Tout d’abord, la religion (et même la religiosité) y tient une place centrale, ce qui n’est pas si fréquent dans les polars.  Le catholicisme  imprègne la famille de Cork, sa femme, ses filles, sa belle-sœur et influence aussi « en creux » de nombreux autres personnages. Cork lui-même traverse une période de doute qui va le pousser à se poser des questions métaphysiques, d’autant plus qu’il sera amené à croiser fréquemment le chemin du charismatique père Mal Thorne. Des réflexions sur la foi, les miracles, le rapport à Dieu courent à travers le livre et lui donnent ainsi une tonalité particulière. Mais la religiosité est également liée à certains des personnages d’indiens Ojibwe, dont les traditions ancestrales se mêlent au christianisme. 

 Et, justement, l’autre originalité du roman tient  à l’importance que W. Kent Krueger accorde à la culture amérindienne, à travers des personnages que Cork admire : Sam Winter Moon, qui avait été le meilleur ami de son père et dont il gère  maintenant le snack-buvette Chez Sam, mais aussi Henry Meloux, le vieux sage qui avait été jadis amoureux de sa grand-mère. Là aussi, rien de pesant ou de didactique : l’auteur nous distille sa vision et sa connaissance de cette culture  au fil de rencontres et de réflexions des différents personnages, mais il le fait sans insister, en conservant toujours une cohérence dans l’intrigue, et cet élément donne  au personnage de Cork O’Connor une richesse et une humanité certaines.

 Mais si le point de départ de l’intrigue est classique (un meurtre à élucider pour lequel il y a un suspect initial et un enquêteur qui cherche à trouver la vérité) , son traitement est d’une grande habileté. Ce roman joue du début jusqu’à la fin sur les apparences trompeuses, les faux-semblants, puisque chacun des suspects se révèle très différent de son image publique, plus complexe et masquée. Le travail de Cork consiste à enlever les pelures d’oignon successives dont ils se sont recouverts pour arriver enfin au cœur de leur personnalité et comprendre – dans la mesure du possible – qui ils sont vraiment. Et cela ne se fait pas sans drame dans la petite communauté d’Aurora, et même dans la famille de l’enquêteur qui va être également bousculée par des révélations multiples. Et Cork n’en ressortira pas non plus intact : en apprenant sur les autres il se comprendra mieux lui-même et la fin du roman sera le moment des  remises en cause personnelles, des doutes, des interrogations.
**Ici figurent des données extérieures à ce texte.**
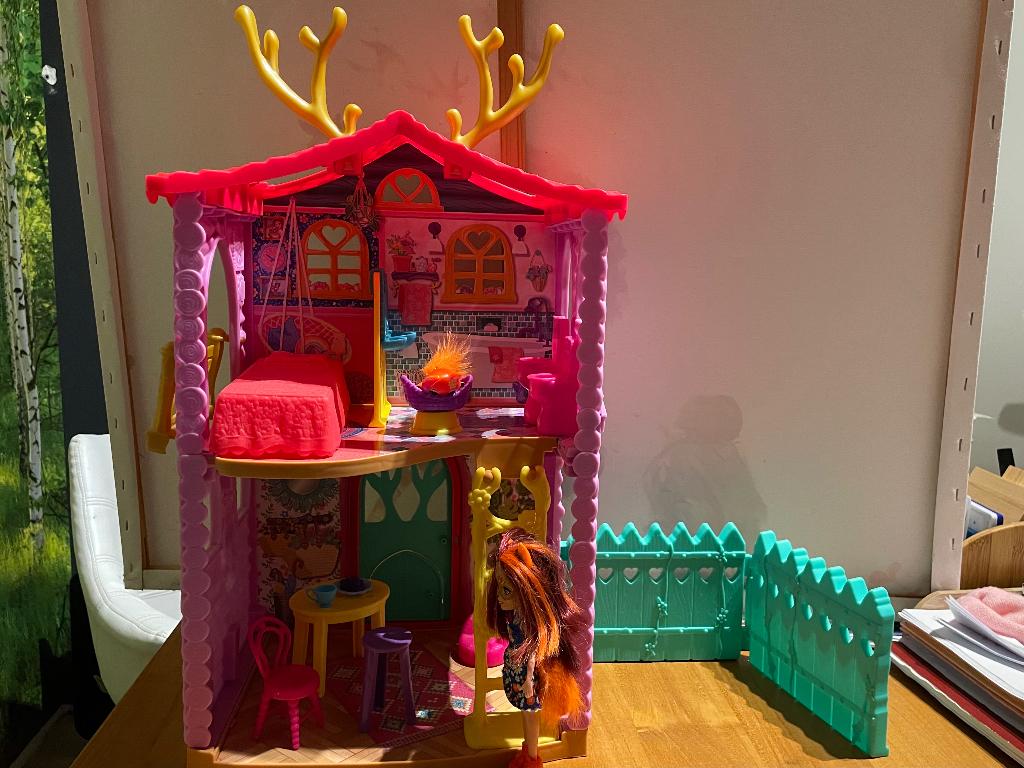 Enchantimals Hertenhuis met pop en diertje, Kinderen en Baby's, Speelgoed | Poppenhuizen, Ophalen, Zo goed als nieuw, Poppenhuis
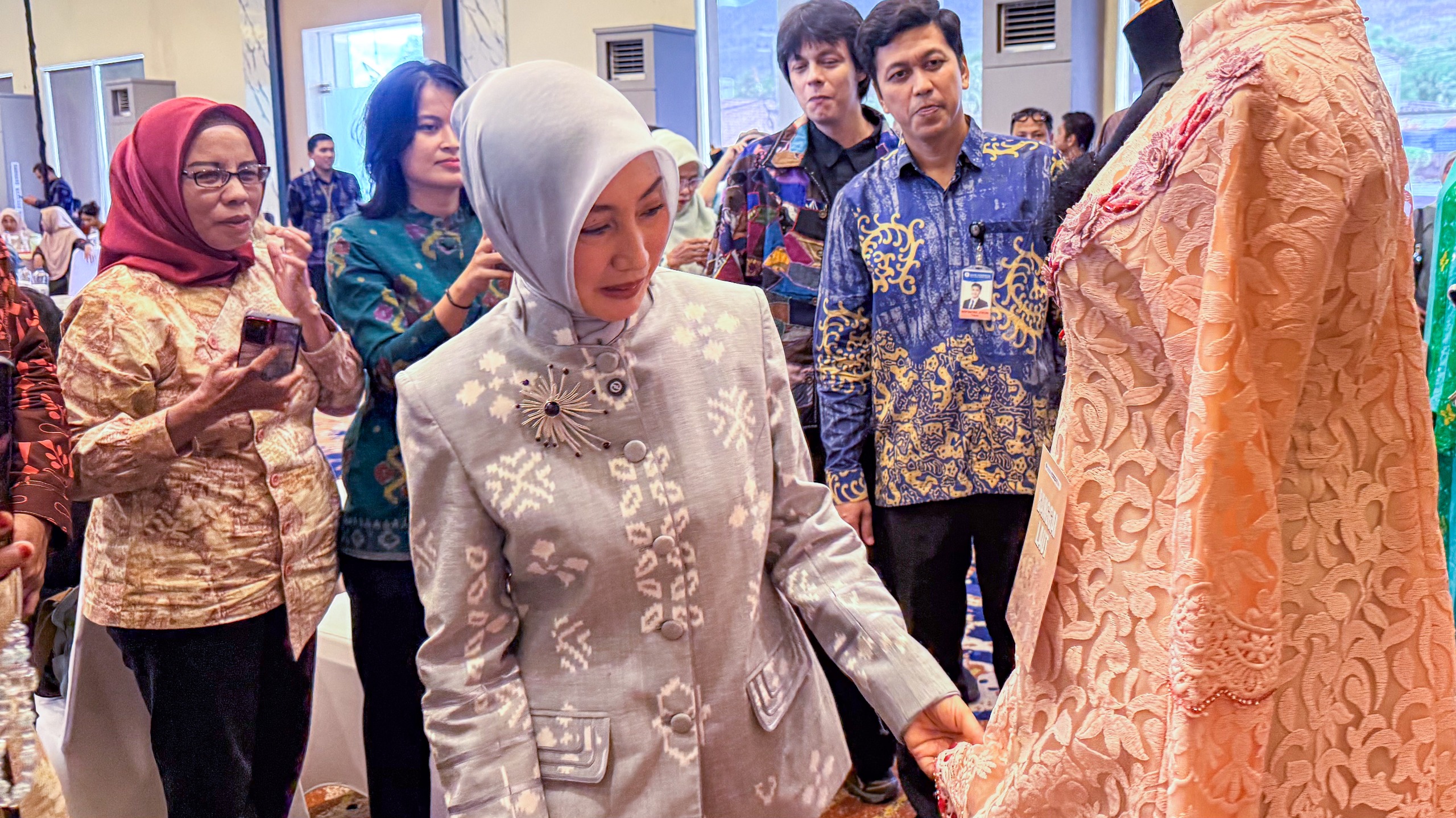 Wastra Sulteng Mendunia! Sry Nirwanti dan Bank Indonesia Perkuat UMKM Kreatif Berbasis Budaya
 Le spectaculaire coup de théâtre final nous permet de comprendre ce qui s’est réellement passé le jour de la Saint Sylvestre, ainsi que les raisons de la mort de Charlotte, et il permet à l’auteur une fin éblouissante en créant un suspense  tel qu’il est impossible de lâcher le livre dans les trente dernières pages, justifiant pleinement  (pour le coup) l’appellation de « thriller » choisie par l’éditeur.

 Un excellent roman donc, solide, plaisant, passionnant de bout en bout !

 Jacques (lectures et chroniques)

 

Blood Hollow
W. Kent Krueger
Traducteur : Sophie Aslanides
Editions Le Cherche Midi (13 septembre 2012)
479 pages; 20 €
 

 

Quatrième de couverture :

 

Aurora, Minnesota. Charlotte Kane, la fille d'une des familles les plus riches de la ville disparaît le soir du Nouvel An. Toutes les recherches restent vaines. Quelques mois plus tard, lors de la fonte des neiges, on retrouve son corps. Son petit ami, Winter Moon, un Indien de la réserve Ojibwe, soupçonné de l'avoir assassinée, s'enfuit, ce qui accrédite la thèse de sa culpabilité. L'ex-shérif Corcoran « Cork » O'Connor, persuadé de l'innocence du jeune homme, redoute le besoin de vengeance de la famille Kane, et craint une flambée de violence envers les Indiens de la part des habitants les plus réactionnaires de la ville. Quand Winter Moon se livre contre toute attente aux autorités, des événements étranges et inexplicables commencent à se produire, qui vont bientôt bouleverser la vie paisible de la petite communauté, dont la surface tranquille cache des eaux bien plus troubles qu'on ne le pense.